§ **What to work on**:
Pictures are to be left out; every line from the one with "Lens : la conclusion" through the end of the data must be transcribed exactly.

Recorded data
Content starts
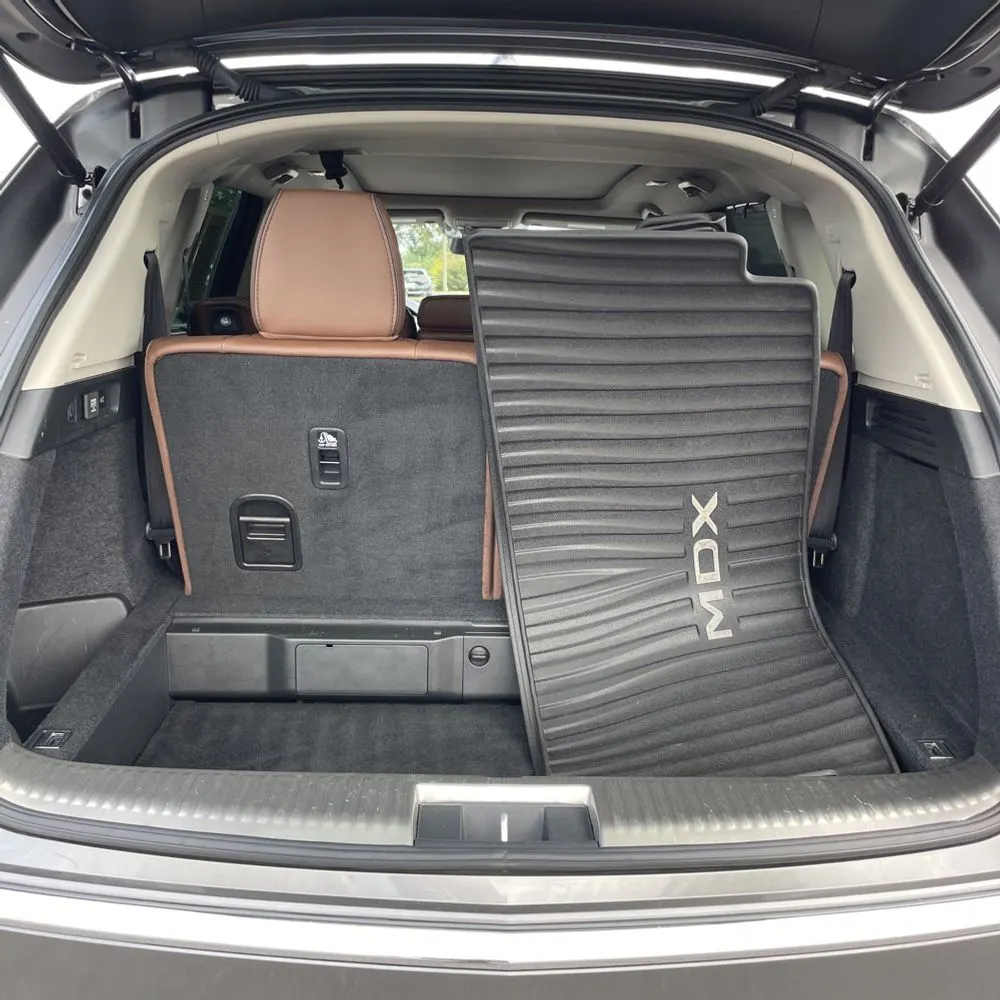 2022 Acura MDX SH-AWD w/Advance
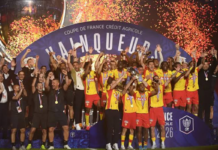 Lens : la conclusion d’une longue anomalie extraordinaire Lens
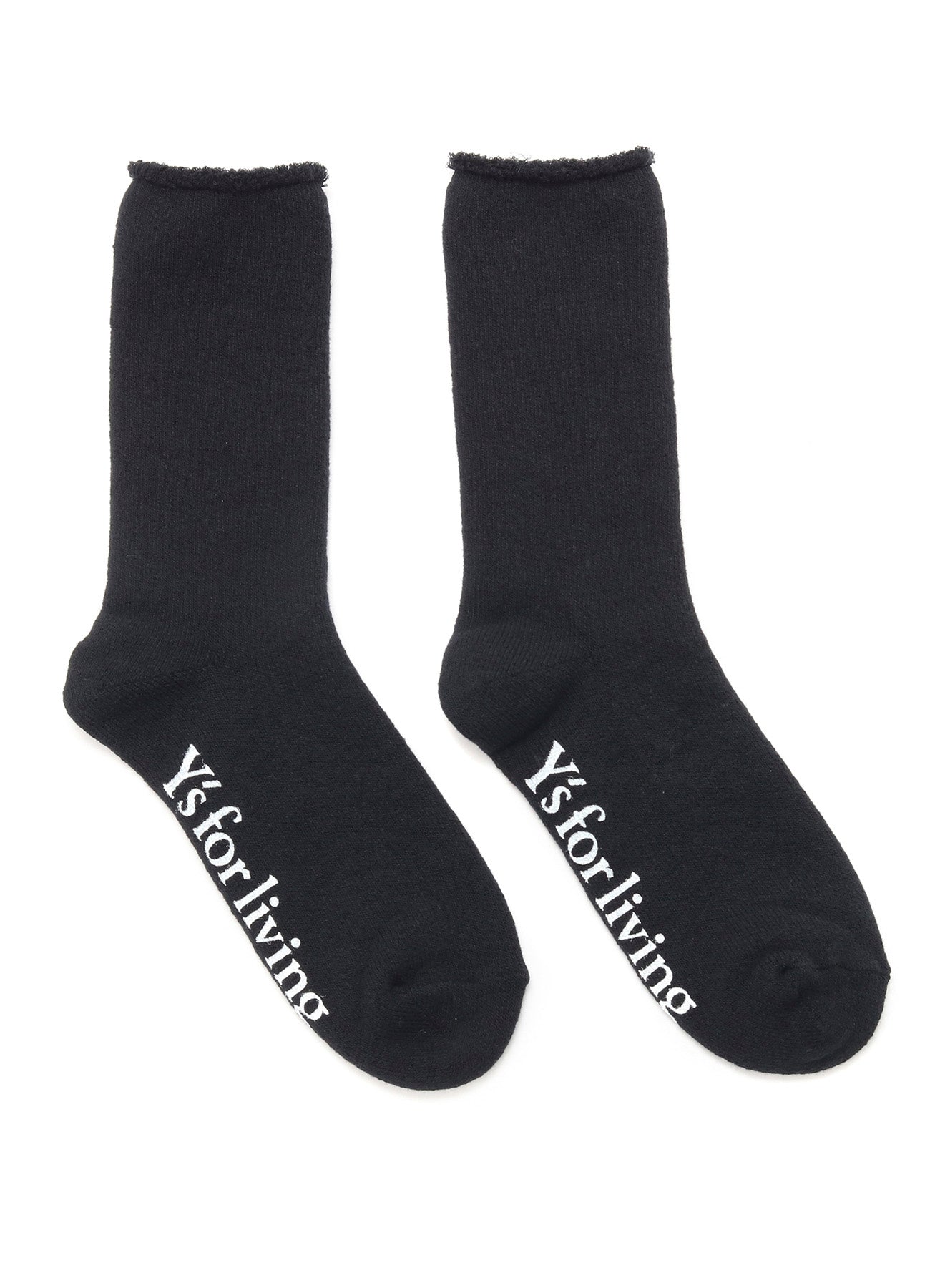 PILE SOCKS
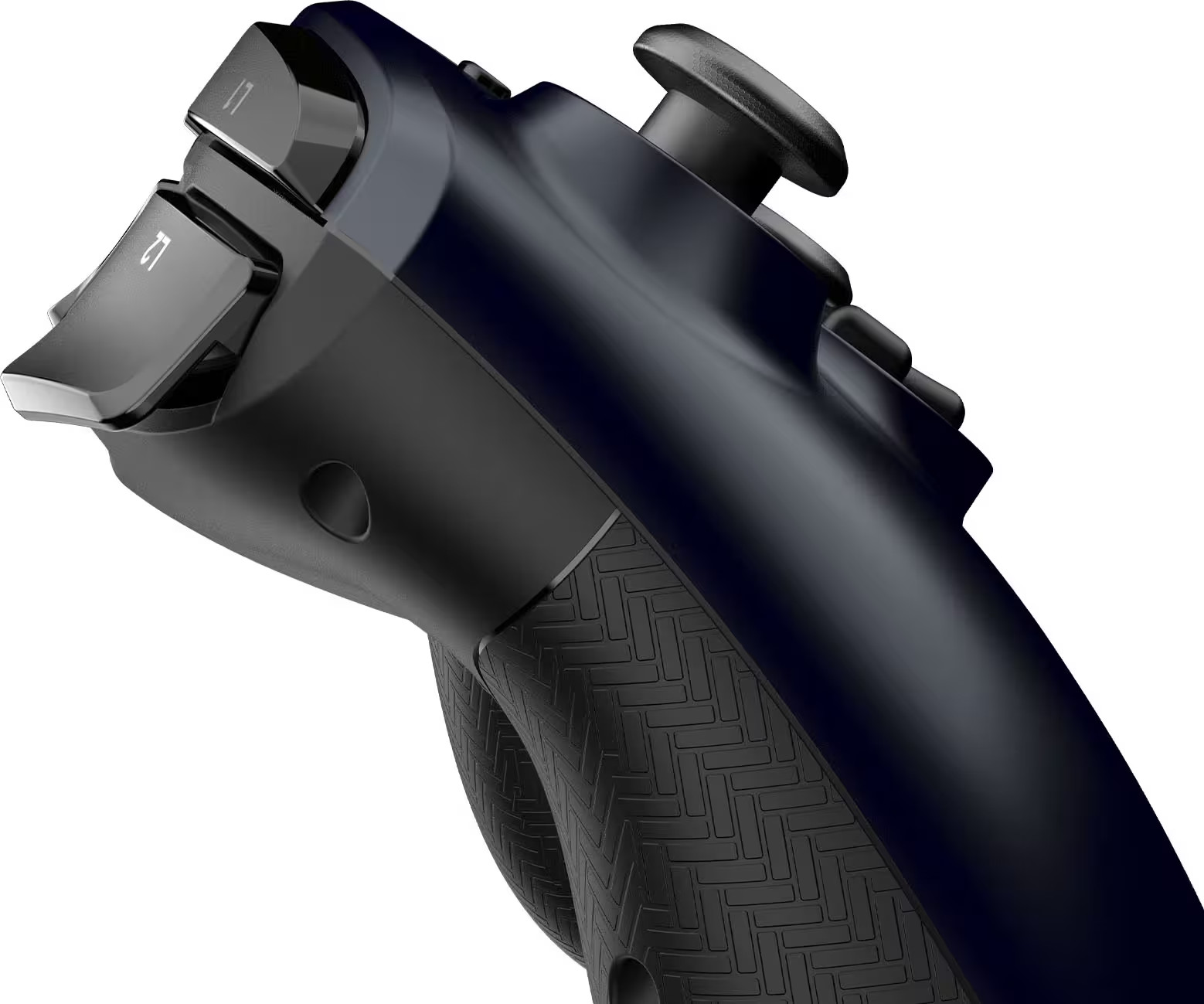 Hori - Wireless HORIPAD for Steam (Midnight - Black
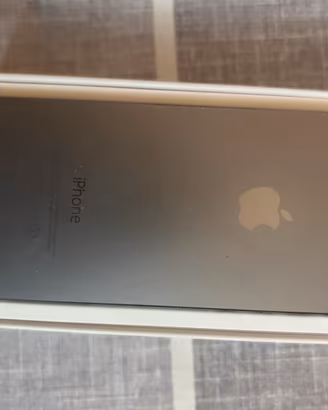 Apple iPhone 5s nero con scatola originale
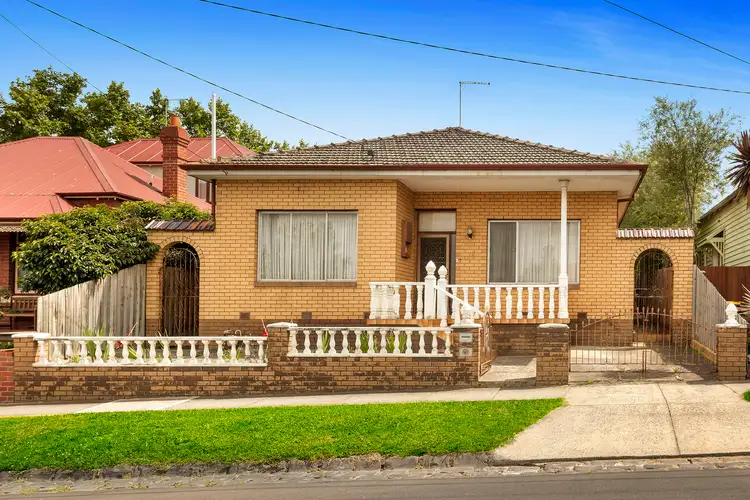 Main view of Homely house listing, 48 Athol Street, Moonee Ponds VIC 3039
Content ends
§ **Task answer**:
 Lens : la conclusion d’une longue anomalie extraordinaire Lens
 PILE SOCKS
 Hori - Wireless HORIPAD for Steam (Midnight - Black
 Apple iPhone 5s nero con scatola originale
 Main view of Homely house listing, 48 Athol Street, Moonee Ponds VIC 3039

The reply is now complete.